Discouraging active management, in such circumstances, has the potential to endanger property, human life and Scotland’s climate targets.  Who will take responsibility when this loss become reality? It is now a regular occurrence for homes to be evacuated in the UK due to wildfires. This cannot be ignored.

The Committee should consider the 2023 report from the UK Climate Change Committee which acknowledges the growing wildfire threat in the coming decades and the mitigating benefit of the management of surface vegetation and fuels, among other mitigations.

Muirburn is an activity which takes place above the surface, not below. Applying a peat depth restriction (as this Bill does) therefore, is effectively applying a rule in law to something which is unrelated to the activity itself. Where there is statistically far greater potential for fire to burn below the surface and into peat below is where unmanaged fuel load on the surface is very high, the ground is dry and conditions such as winds are favourable. This is most likely to manifest as a summer wildfire taking place outside of the legal muirburn season. Nine tenths of Scottish wildfires are now caused by members of the public taking access in the countryside. Scottish Fire and Rescue Service data backs this and it will be important for the Committee to hear their evidence.

There is no current science, or opinion, today which advocates allowing unmanaged surface fuels to build up, uncontrolled, in the landscape yet, by imposing more restrictions on muirburn on areas over 40cm peat depth (without evidential justification), this Bill effectively will do this.

Similarly, Scotland will be endangering peatland restoration sites which form a critical element of the Net Zero plan and the £250m investment of public money pledged up to 2030.

Failure to carry out active surface fuel management on these sites, as they become increasingly drier, will encourage that investment to literally ‘go up in smoke’. With a very high surface fuel load, unrestricted public access and the right conditions, these sites- and potentially the carbon stored in them- will be lost and will not recover in a timescale to play any meaningful role in the 2045 NetZero aspiration.

Additionally, the most recent, and the UK’s longest running science, is showing that well managed muirburn actually plays an active role in retaining the carbon stored in peatlands for longer (see table below) yet this Bill seems to be heading in the opposite direction, potentially to great cost, and with scant justification.

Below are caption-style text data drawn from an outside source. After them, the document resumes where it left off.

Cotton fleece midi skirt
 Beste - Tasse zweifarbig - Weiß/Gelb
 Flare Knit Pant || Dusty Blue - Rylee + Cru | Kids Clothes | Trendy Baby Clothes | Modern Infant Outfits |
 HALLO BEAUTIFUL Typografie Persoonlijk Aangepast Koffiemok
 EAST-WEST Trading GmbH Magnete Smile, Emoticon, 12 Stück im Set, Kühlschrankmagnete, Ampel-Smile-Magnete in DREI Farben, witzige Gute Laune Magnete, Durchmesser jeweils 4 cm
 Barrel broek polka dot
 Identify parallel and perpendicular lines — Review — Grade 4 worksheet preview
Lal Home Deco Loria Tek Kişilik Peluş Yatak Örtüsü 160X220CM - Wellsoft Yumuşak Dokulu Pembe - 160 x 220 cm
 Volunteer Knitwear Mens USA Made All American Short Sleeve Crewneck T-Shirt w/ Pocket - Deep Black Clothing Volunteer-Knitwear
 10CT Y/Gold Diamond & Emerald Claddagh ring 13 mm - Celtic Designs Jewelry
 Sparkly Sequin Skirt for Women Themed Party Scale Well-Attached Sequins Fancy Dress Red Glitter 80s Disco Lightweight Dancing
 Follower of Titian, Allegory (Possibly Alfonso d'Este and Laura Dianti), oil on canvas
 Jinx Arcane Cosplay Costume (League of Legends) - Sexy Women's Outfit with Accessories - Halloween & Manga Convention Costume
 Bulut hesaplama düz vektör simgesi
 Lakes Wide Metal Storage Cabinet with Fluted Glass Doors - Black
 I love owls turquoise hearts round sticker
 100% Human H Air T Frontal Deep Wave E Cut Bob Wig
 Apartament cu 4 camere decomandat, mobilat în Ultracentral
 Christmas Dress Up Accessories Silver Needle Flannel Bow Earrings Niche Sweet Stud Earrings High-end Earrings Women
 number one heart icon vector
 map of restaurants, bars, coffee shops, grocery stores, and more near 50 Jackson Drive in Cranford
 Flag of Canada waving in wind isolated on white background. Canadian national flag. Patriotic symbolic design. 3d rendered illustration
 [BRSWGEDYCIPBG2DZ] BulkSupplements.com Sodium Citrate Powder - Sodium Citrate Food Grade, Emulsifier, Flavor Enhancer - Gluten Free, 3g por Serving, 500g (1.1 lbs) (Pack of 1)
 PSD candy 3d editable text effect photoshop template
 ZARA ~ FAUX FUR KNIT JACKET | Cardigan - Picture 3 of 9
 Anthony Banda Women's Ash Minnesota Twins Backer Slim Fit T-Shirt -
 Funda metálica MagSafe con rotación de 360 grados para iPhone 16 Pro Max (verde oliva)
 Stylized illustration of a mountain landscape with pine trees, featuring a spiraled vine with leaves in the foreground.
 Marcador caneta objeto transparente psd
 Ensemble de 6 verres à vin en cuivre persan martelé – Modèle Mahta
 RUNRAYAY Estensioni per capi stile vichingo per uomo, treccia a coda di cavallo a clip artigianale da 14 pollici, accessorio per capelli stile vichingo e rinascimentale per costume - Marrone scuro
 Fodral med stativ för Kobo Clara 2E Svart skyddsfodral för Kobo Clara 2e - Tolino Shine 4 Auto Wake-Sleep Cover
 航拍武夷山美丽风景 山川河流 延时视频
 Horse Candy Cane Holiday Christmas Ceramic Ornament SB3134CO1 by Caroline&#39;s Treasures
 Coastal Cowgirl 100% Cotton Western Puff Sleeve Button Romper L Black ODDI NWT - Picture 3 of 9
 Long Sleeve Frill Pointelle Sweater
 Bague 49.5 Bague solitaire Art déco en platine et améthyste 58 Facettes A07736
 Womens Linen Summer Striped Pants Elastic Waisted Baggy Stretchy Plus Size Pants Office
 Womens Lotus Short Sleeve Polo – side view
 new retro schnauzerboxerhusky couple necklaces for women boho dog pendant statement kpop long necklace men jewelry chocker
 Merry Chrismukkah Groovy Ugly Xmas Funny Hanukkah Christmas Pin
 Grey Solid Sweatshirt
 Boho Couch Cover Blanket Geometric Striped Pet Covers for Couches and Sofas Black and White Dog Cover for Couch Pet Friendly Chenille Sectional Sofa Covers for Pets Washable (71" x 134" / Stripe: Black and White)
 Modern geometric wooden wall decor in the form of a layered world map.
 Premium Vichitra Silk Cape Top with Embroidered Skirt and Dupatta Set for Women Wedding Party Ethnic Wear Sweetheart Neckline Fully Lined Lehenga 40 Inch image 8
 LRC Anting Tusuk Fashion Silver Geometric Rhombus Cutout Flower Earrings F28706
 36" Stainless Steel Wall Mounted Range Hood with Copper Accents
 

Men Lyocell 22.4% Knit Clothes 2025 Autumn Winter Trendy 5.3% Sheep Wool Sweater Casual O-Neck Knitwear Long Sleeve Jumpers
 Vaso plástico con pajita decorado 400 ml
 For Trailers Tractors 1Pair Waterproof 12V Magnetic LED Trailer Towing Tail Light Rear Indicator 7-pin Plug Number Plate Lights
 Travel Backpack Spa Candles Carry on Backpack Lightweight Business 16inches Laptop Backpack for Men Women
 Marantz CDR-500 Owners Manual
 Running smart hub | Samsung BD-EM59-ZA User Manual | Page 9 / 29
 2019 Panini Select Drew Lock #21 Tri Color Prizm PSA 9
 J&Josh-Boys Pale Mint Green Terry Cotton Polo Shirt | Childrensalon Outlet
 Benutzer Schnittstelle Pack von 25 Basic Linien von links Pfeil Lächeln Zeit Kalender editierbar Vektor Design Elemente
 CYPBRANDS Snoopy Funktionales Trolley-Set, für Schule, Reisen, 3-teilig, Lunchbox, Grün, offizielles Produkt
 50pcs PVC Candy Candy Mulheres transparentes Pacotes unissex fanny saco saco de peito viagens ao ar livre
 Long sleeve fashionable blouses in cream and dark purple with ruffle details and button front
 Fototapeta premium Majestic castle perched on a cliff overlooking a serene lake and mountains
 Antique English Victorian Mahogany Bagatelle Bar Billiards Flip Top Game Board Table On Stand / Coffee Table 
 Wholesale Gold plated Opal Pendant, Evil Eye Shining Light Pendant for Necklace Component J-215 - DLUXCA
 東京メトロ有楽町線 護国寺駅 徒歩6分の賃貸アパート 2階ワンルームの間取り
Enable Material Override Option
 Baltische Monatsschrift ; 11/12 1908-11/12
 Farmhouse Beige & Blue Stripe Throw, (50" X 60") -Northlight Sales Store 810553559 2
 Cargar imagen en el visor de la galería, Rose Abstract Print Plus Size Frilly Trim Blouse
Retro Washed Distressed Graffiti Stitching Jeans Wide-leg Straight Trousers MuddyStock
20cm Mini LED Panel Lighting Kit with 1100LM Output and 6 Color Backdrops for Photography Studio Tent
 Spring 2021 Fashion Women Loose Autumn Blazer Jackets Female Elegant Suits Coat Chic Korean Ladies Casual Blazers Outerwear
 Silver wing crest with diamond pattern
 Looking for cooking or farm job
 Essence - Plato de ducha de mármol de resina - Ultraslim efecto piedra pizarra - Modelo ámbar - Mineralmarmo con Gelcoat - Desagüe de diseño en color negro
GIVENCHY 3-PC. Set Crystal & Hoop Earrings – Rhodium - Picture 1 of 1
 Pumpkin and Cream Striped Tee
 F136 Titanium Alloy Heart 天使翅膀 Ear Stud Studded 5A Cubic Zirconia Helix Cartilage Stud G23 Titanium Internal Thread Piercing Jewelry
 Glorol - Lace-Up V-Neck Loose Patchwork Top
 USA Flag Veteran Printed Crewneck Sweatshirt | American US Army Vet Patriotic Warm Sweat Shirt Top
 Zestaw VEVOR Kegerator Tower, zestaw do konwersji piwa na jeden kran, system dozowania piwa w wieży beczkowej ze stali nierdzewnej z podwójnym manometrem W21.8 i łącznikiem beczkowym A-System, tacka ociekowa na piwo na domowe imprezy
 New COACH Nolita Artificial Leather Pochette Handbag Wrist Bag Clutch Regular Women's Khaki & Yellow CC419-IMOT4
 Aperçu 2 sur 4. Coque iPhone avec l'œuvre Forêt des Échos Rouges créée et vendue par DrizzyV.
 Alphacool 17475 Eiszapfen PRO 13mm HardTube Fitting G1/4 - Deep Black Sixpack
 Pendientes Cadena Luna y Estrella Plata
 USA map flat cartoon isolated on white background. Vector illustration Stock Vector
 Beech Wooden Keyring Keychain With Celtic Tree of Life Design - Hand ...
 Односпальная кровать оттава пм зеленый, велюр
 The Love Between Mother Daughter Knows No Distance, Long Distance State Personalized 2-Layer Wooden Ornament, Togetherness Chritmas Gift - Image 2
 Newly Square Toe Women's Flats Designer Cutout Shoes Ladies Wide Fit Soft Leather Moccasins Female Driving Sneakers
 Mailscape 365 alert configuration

While we acknowledge the reference to wildfire prevention in the Bill, as a licensable purpose, we feel the Bill should better reflect the nature of the activity to which the licence applies. 

Rather than pivoting the peatland licence around peat depth (50cm should remain in the absence of evidential justification), controlled muirburn should be permitted, in season, where vegetation height on the surface reaches the point where it represents a wildfire hazard. This should be made explicit within the licensable purpose as a reason for a licence to be granted on peatlands. This adopts a precautionary principle given that the increasing weight of science points to wildfire as being the biggest threat to peatlands and the carbon stored in them.

In order to obtain a licence for the activity, everyone should have to take the new training developed by NatureScot, SFRS, SGA and the regional moorland groups. This will ensure anyone undertaking controlled muirburn has been fully trained to do so safely and has the necessary equipment. 

Instead of changing peatland definition to 40cm, the scheme could make it illegal to burn peat and the appropriate penalty can be applied. This does not discourage active fuel management over large areas of Scotland but recognises the vital importance of keeping carbon locked in our peatlands.